Work instructions: Output exactly, and only, the stretch of lines beginning at the line with "Применение электрического резонанса" and ending at the last line of the listing below. Drop the pictures.

Data extracts:

....................

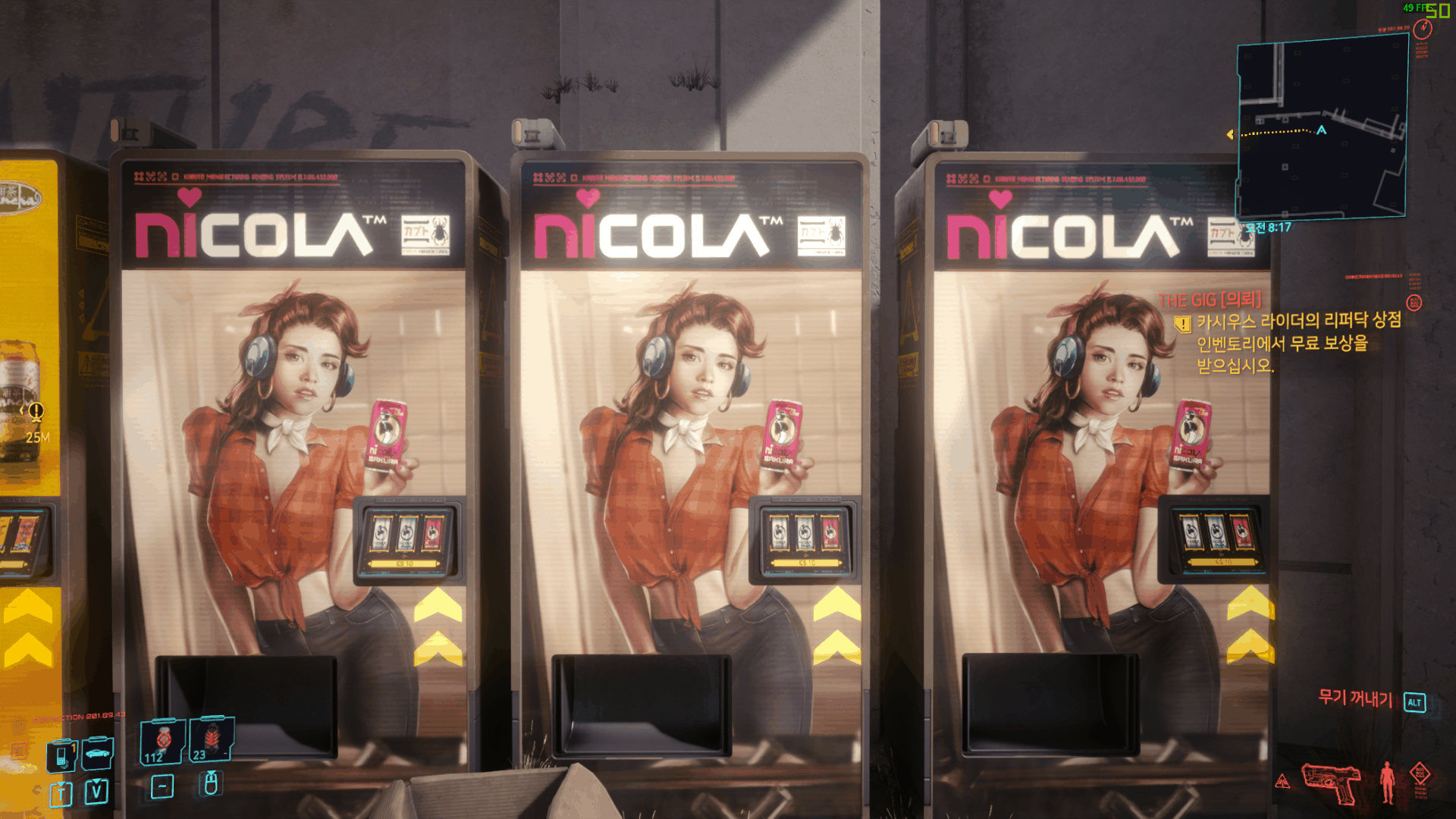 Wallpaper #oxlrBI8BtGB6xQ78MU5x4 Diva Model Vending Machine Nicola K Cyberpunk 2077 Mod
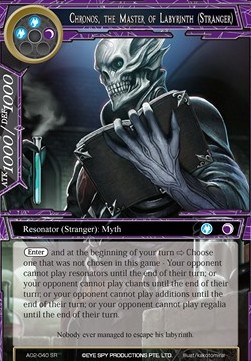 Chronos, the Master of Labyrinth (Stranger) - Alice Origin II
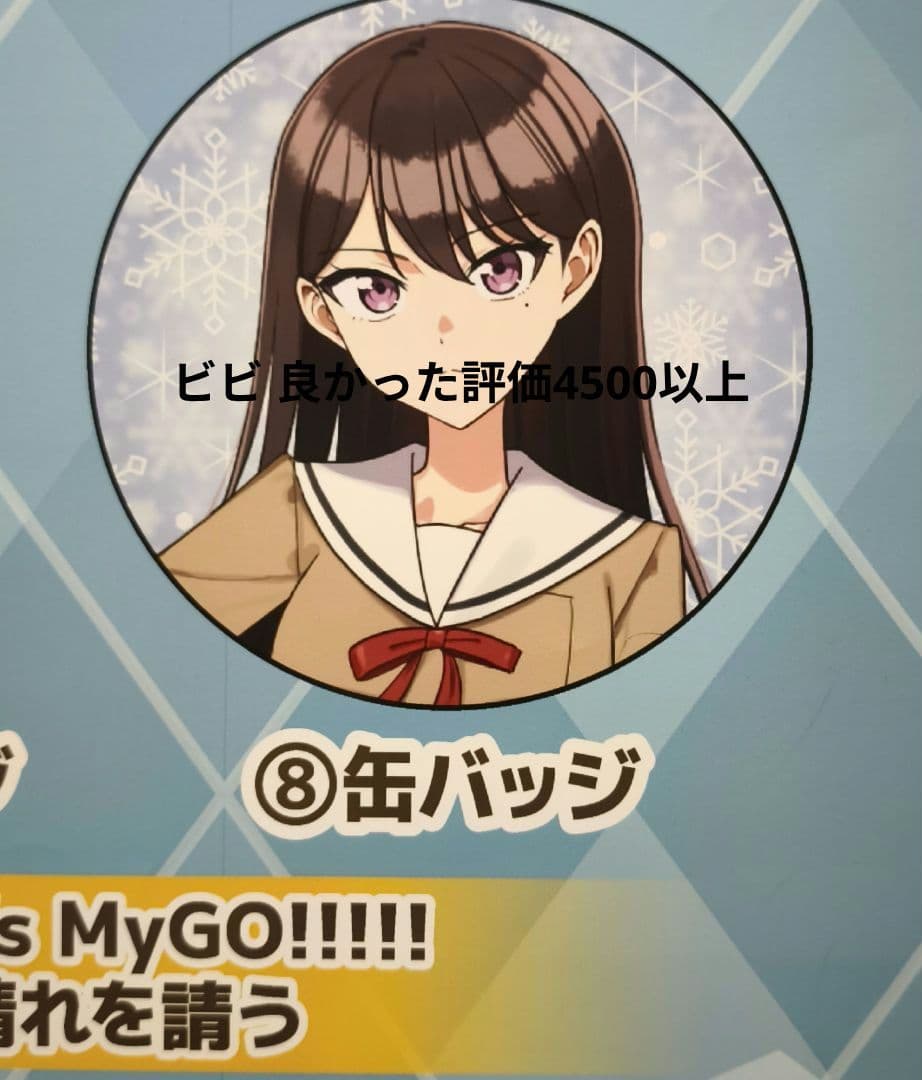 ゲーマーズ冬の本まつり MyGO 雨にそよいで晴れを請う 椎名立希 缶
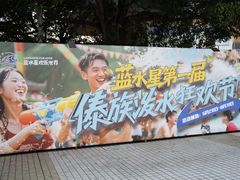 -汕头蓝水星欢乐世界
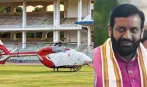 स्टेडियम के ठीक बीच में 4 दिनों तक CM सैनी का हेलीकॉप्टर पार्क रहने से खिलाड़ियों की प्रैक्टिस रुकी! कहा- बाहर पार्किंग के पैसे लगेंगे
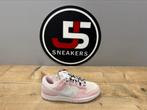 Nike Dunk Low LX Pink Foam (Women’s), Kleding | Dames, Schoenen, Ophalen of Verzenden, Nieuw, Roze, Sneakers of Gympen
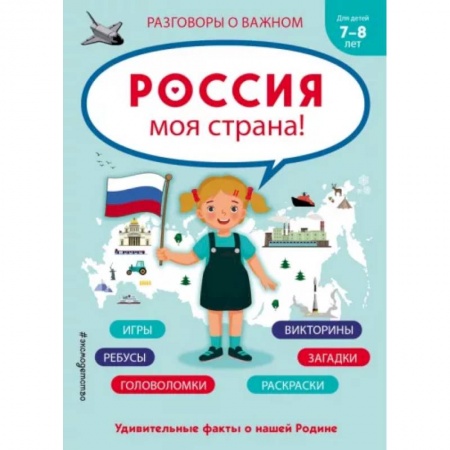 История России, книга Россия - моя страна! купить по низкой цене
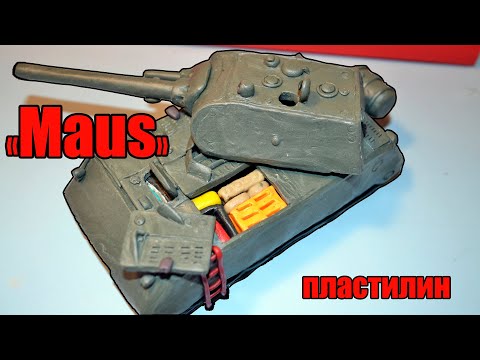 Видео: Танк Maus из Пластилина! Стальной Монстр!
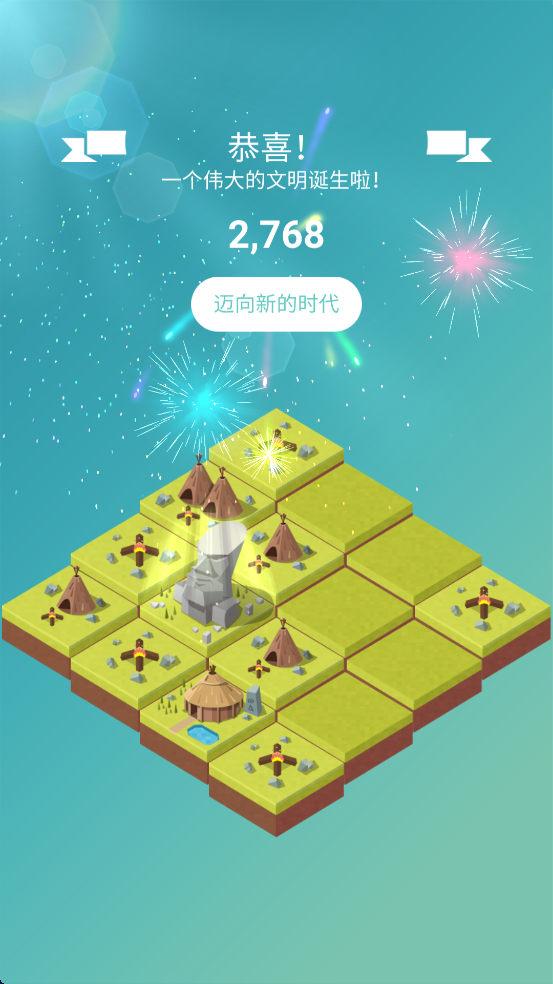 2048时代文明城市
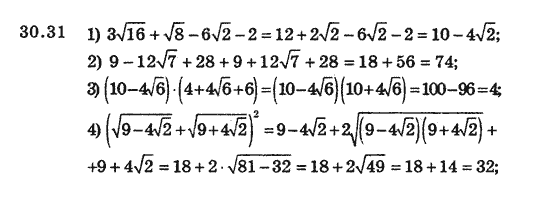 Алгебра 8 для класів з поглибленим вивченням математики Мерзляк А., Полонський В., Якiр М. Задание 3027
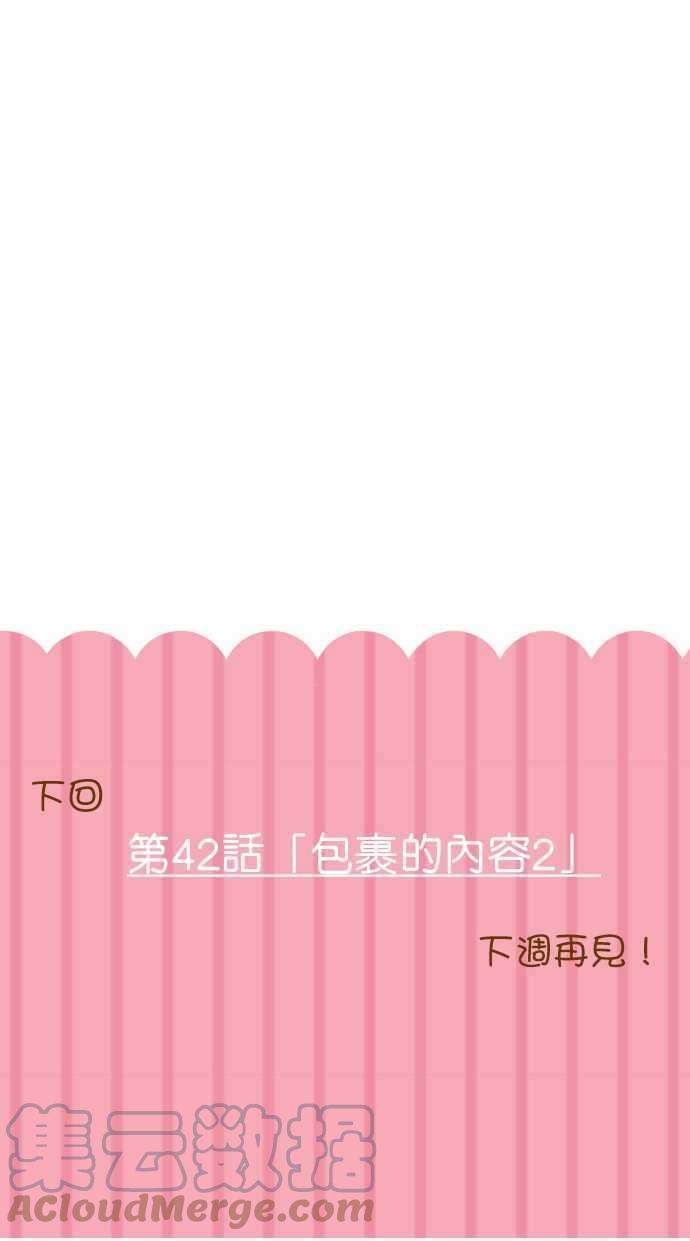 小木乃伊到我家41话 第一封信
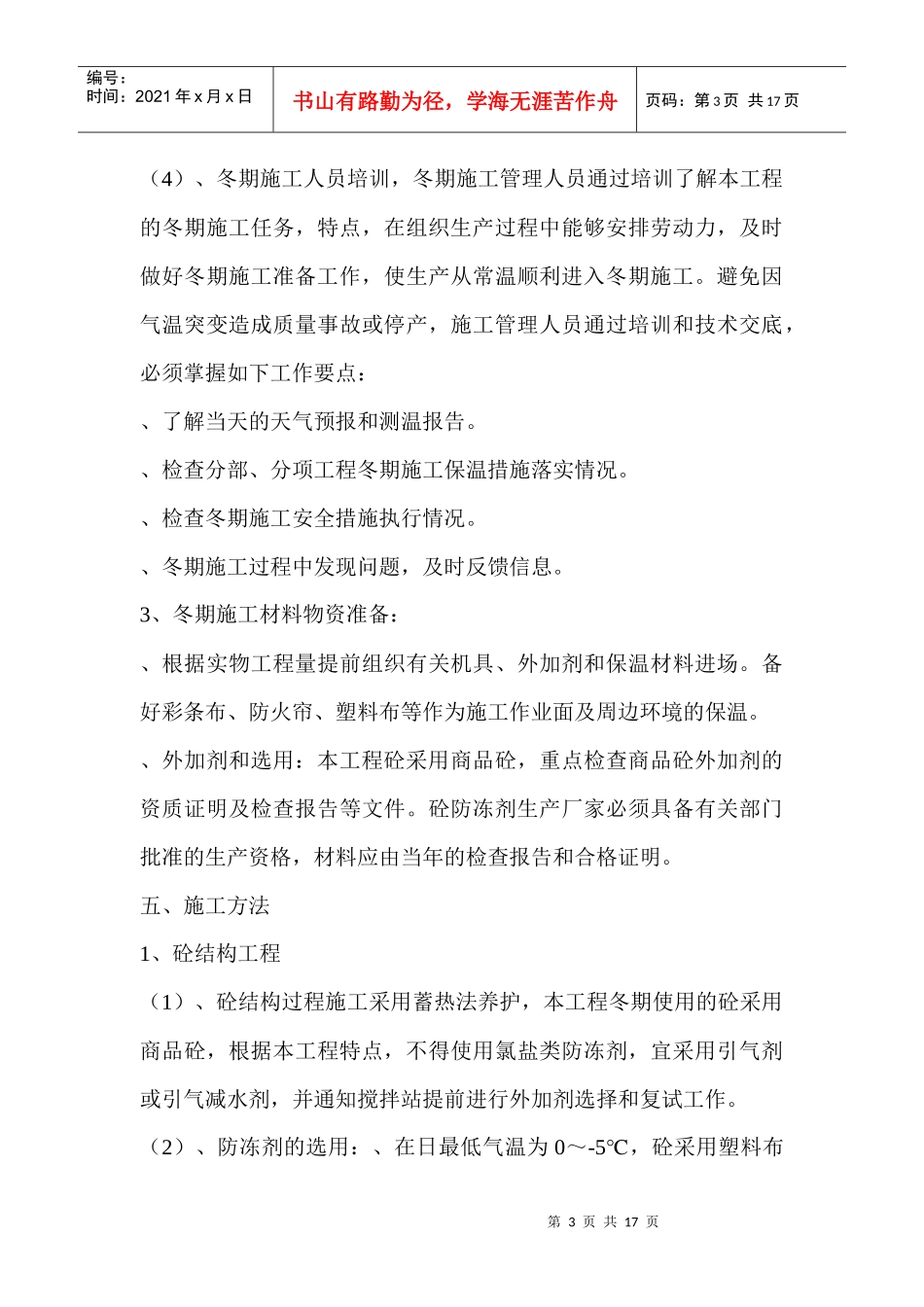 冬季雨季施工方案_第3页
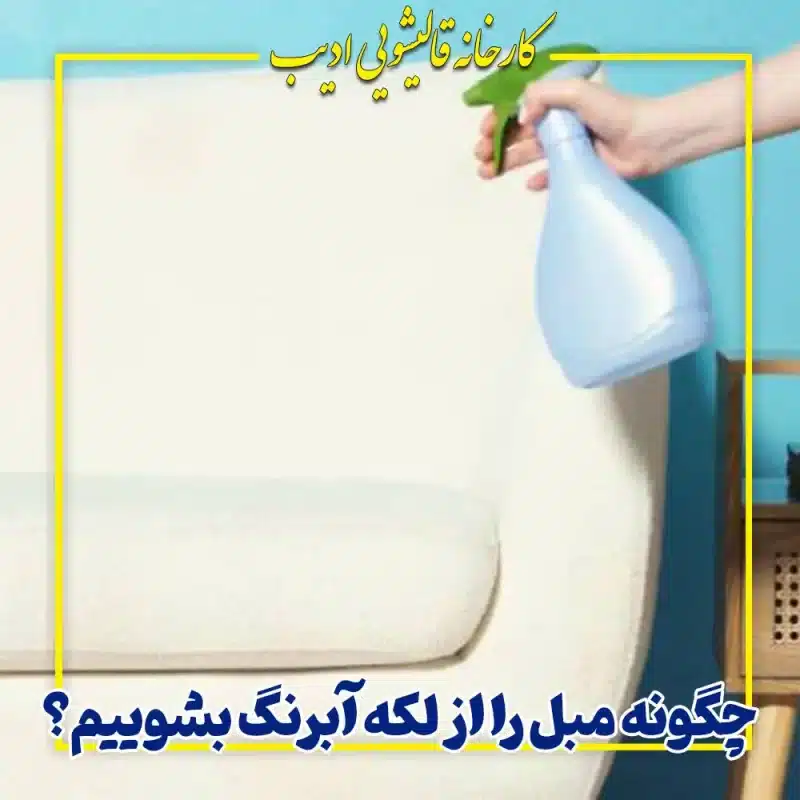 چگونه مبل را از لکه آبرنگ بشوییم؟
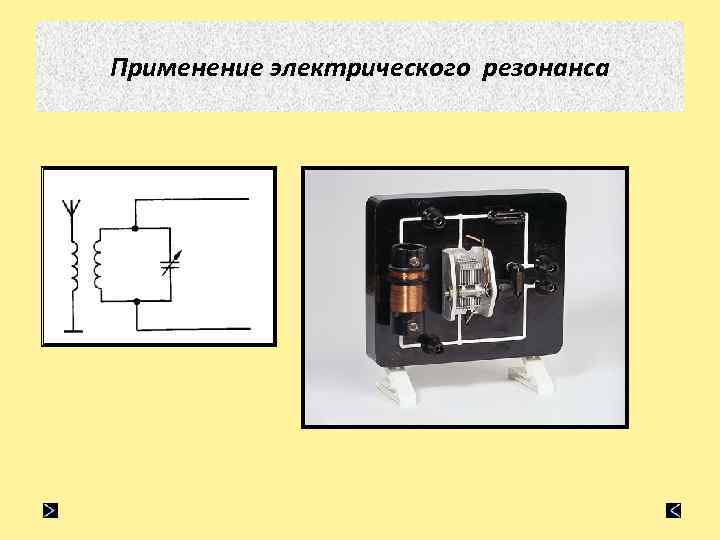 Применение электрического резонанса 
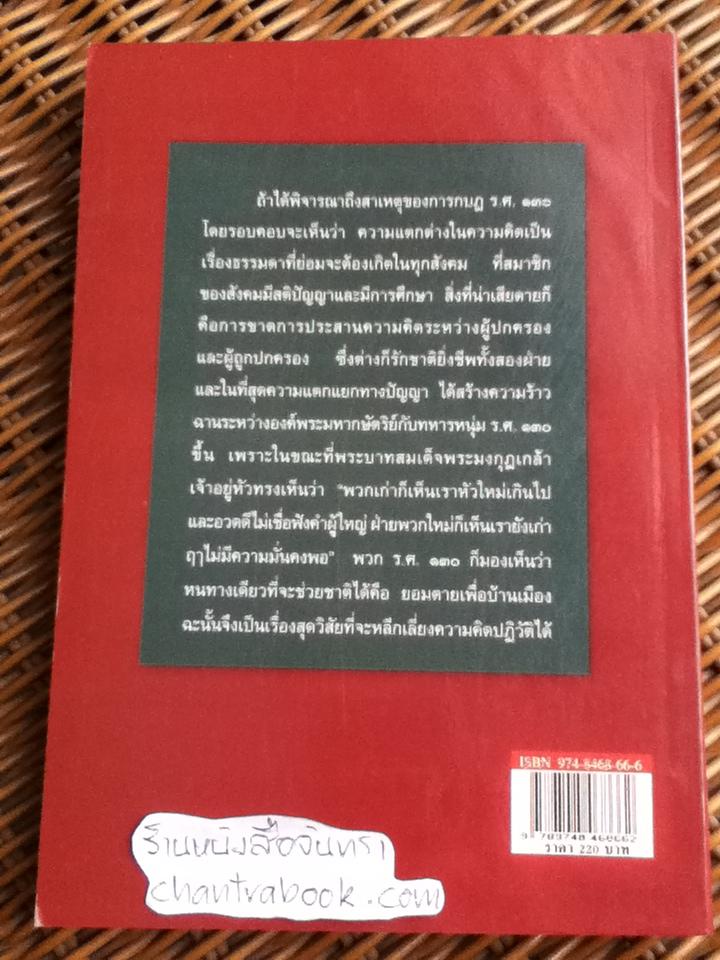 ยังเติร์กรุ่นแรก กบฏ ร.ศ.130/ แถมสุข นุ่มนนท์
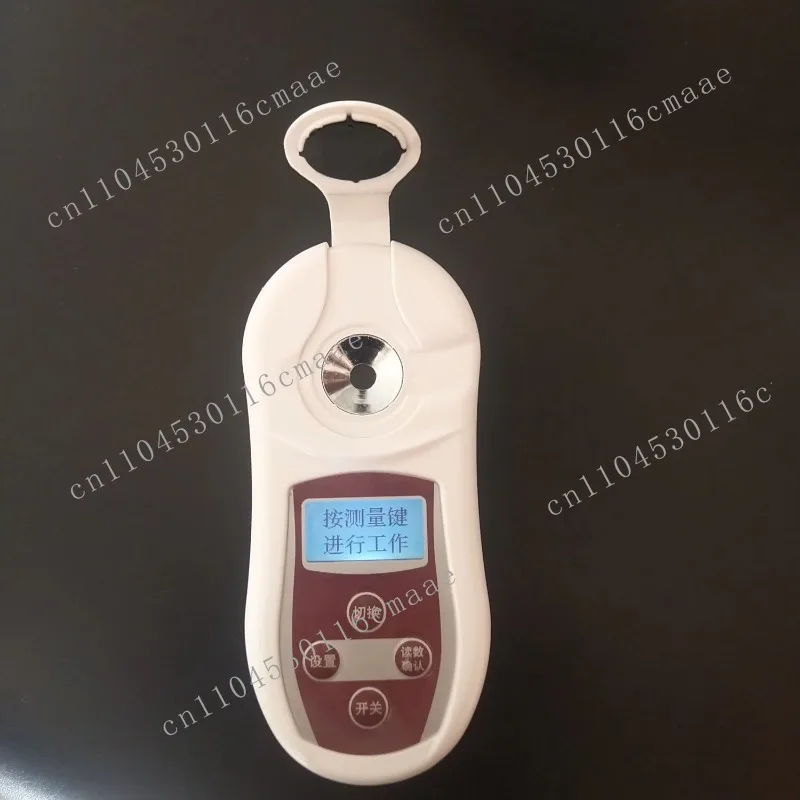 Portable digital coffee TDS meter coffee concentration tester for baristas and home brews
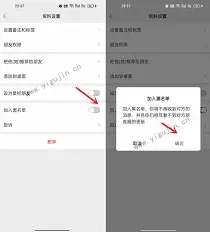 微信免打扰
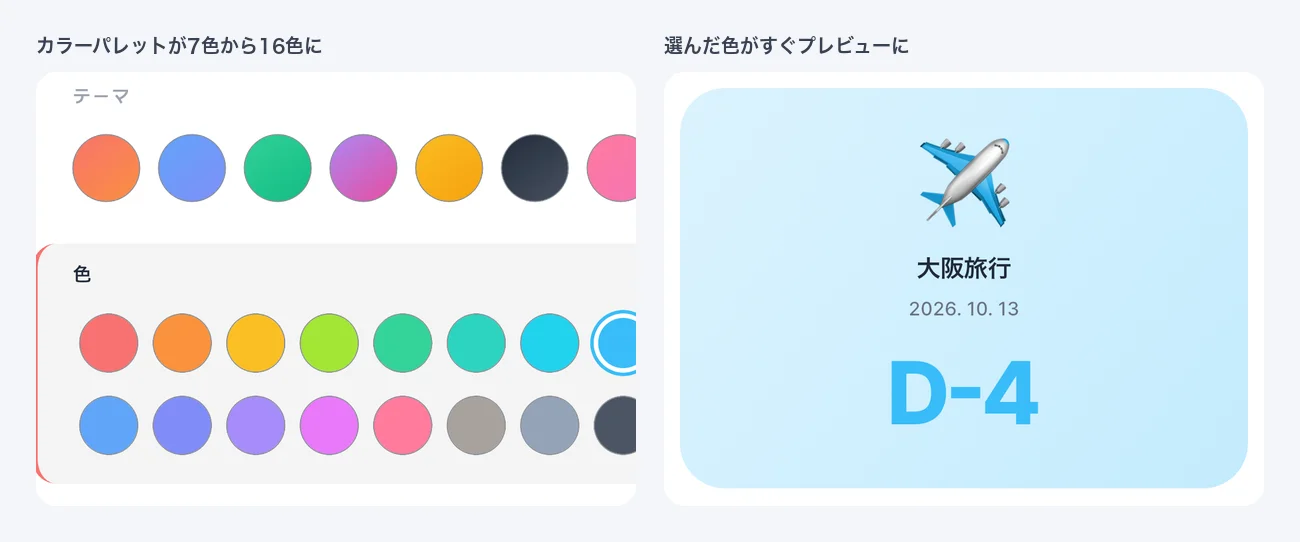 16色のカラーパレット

....................

Expected answer:
 Применение электрического резонанса 
 ยังเติร์กรุ่นแรก กบฏ ร.ศ.130/ แถมสุข นุ่มนนท์
 Portable digital coffee TDS meter coffee concentration tester for baristas and home brews
 微信免打扰
 16色のカラーパレット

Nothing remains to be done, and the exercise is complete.